Hank 3

An Interview with Hank 3
by Mike Huberty
November 2011

Shelton Hank Williams is the closest thing that country music has to a crown prince. The son of Bocephus himself, Hank Jr. (The Artist Formerly Known as the “Are You Ready For Some Football?” guy), and the grandson of one of the most popular country artists of all time, Hank3has charted a path entirely his own. Starting his career drumming for punk bands in the early 90’s, he’s spent his music career freely ignoring the genre lines of metal (he was in two bands with PANTERA’s Phil Anselmo, ARSON ANTHEM and SUPERJOINT RITUAL), cow-punk (he calls it “hellbilly” with his DAMN BAND), and punk (leading the band ASSJACK) After years of fighting with the Nashville country music system (just listen to “Dick in Dixie” or “Trashville” for his opinions on the current state of country music) as well as his record labels, Hank has just released three(!) new albums on his own, Hank3 label. Ghost to a Ghost/Guttertown is a double country-tinged album, Attention Deficit Domination is doom metal, and 3 Bar Ranch Cattle Callin’ is a mashup of speed metal and spoken word by cattle auctioneers that has to be heard to be believed!

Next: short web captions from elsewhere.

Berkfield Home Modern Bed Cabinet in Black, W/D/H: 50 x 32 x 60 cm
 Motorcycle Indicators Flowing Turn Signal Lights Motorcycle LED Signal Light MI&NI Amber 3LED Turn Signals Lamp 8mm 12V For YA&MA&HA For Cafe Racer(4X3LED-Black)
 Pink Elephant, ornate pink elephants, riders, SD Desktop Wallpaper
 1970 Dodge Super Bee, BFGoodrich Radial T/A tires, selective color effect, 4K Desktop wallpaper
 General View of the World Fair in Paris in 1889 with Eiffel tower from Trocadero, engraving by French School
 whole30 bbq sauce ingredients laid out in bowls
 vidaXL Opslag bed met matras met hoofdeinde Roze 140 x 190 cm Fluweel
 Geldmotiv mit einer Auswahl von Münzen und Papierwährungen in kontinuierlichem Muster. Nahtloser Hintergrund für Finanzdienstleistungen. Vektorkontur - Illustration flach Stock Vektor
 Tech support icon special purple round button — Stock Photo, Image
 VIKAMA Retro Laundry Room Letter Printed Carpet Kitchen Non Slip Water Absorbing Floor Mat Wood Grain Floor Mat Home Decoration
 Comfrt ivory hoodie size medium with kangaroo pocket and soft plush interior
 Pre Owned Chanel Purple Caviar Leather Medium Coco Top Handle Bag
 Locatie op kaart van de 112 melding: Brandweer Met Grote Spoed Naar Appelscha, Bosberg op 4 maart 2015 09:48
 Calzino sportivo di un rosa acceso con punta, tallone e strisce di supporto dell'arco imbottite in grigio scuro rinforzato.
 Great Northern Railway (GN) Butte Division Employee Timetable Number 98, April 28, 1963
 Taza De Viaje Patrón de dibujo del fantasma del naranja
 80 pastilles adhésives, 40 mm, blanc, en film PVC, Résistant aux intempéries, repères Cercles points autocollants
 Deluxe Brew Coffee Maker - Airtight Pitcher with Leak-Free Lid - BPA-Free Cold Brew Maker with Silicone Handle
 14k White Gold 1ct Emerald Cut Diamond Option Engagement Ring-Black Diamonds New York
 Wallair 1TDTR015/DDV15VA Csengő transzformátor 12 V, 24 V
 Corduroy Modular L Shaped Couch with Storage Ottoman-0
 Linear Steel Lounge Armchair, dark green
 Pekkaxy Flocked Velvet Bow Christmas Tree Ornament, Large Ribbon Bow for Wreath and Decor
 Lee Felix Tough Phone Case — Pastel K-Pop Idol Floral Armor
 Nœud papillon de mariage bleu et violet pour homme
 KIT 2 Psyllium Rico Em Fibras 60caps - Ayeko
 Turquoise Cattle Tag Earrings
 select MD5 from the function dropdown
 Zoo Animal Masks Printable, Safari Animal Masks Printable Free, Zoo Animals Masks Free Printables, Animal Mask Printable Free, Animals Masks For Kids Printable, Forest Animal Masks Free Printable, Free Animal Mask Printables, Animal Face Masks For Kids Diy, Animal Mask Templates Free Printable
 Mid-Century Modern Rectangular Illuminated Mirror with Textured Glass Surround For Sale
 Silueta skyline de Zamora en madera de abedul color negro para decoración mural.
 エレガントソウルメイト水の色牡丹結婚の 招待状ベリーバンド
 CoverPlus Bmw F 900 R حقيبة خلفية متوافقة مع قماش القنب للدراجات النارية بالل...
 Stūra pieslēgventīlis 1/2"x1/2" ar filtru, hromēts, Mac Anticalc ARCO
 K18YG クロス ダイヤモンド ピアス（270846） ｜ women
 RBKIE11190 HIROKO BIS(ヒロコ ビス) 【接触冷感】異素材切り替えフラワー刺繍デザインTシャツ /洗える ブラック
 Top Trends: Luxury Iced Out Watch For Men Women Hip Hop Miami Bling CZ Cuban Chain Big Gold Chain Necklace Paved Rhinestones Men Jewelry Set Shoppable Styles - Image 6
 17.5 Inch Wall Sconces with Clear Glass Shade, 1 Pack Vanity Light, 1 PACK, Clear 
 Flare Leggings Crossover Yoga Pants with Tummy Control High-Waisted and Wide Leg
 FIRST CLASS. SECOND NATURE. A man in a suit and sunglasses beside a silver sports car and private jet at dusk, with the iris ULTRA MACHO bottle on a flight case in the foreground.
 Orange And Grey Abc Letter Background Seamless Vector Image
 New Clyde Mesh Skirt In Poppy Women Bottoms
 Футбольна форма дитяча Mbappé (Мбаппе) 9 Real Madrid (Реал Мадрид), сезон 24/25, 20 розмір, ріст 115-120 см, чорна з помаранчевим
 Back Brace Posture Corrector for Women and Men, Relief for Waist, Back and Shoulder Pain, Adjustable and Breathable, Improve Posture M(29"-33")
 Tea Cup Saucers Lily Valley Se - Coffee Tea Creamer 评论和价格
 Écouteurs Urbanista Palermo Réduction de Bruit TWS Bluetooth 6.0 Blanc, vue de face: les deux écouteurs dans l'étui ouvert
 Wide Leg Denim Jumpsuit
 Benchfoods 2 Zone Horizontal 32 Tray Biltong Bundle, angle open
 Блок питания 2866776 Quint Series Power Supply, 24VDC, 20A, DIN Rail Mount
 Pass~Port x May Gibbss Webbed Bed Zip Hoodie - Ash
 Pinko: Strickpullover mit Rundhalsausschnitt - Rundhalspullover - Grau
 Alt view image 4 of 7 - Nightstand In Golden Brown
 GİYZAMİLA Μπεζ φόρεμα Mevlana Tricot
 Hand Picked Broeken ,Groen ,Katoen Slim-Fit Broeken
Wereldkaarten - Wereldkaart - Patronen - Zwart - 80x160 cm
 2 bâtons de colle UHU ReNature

“As Henry Rollins told me many years ago”, Hank proclaims, “‘All you need is distribution. You already got your fans, you have a good work, ethic and you tour. You know what you want, you got your sounds, you know how to write and record record and mix and master them yourself.’ 2011 is a new beginning and it’s been exciting. A lot of people have written about me, saying ‘he does this and he does that’. But no one has heard what a diverse musician I could be until now.” Indeed, Hank plays all of the instruments on both ADD and Cattle Callin’. Not that he can’t call in a little help once in awhile, he gets stars as distinct as Tom Waits and Primus’ Les Claypool to help out on some tracks on Guttertown. He adds, “Whenever I get in recording mode I have to shut everything down and be at the house. But I basically wrote all the material in January and I hit the record button in February and didn’t have all songs recorded, mixed, and mastered until June. So, from the time I woke up until the time I went to sleep that’s what every day revolved around. I usually weigh 160 but I went down to 137 pounds through all that process. It was very grueling, but very inspiring to be able to release that much music on the same day. “

And even though it seems like he would be groomed for the stage, music is a trajectory that he found without too much help. “You’d be a little surprised.” he says. “I only used to get to go to Fantasy Land about two weeks a year honestly… I was never around my father that much, they got divorced when I was two years old… Since I didn’t live with my father all the time, I didn’t get to be around a lot of the musicians that most people would think. Getting to be around THE MELVINS and all these other bands that I’ve been involved with, that was kind of my own groundwork going to shows and being involved for the love of the music.” He continues, “My Dad was forced onstage when he was 8 years old, he didn’t have a choice. I got into music because I wanted to.”

But his life changed quickly when he got an unexpected surprise. “I was opening up for a band called Buzzoven in Nashville. I had a one-night stand that waited three years to tell me I had a son and they served papers onstage. Then the judge told me I owed sixty-thousand dollars backpay and that I had to ‘Get a real job, boy.’ My way of getting a real job was paying my dues and that’s when I had to get into country to be able to rock out again. It all worked out for the best, I got to take care of my son and I got to create my own niche out there.”

Hank 3 will bring that niche to The Barrymore Theatre in Madison on December 1st. His shows go well over three hours and the set is divided up between his genres. “It’s a long show, I always tell ladies not to wear open-toed shoes to the show. We usually have a pretty rowdy crowd, but I always pay respects to my roots and country in the first part of the show… then I get into the hellbilly and the doom rock and the metal. 18 to 80 is our crowd. It’s the average guy, the redneck, the heavy metal dude, the biker, and the grandmas and grandpas.  I’m really proud of our audience.”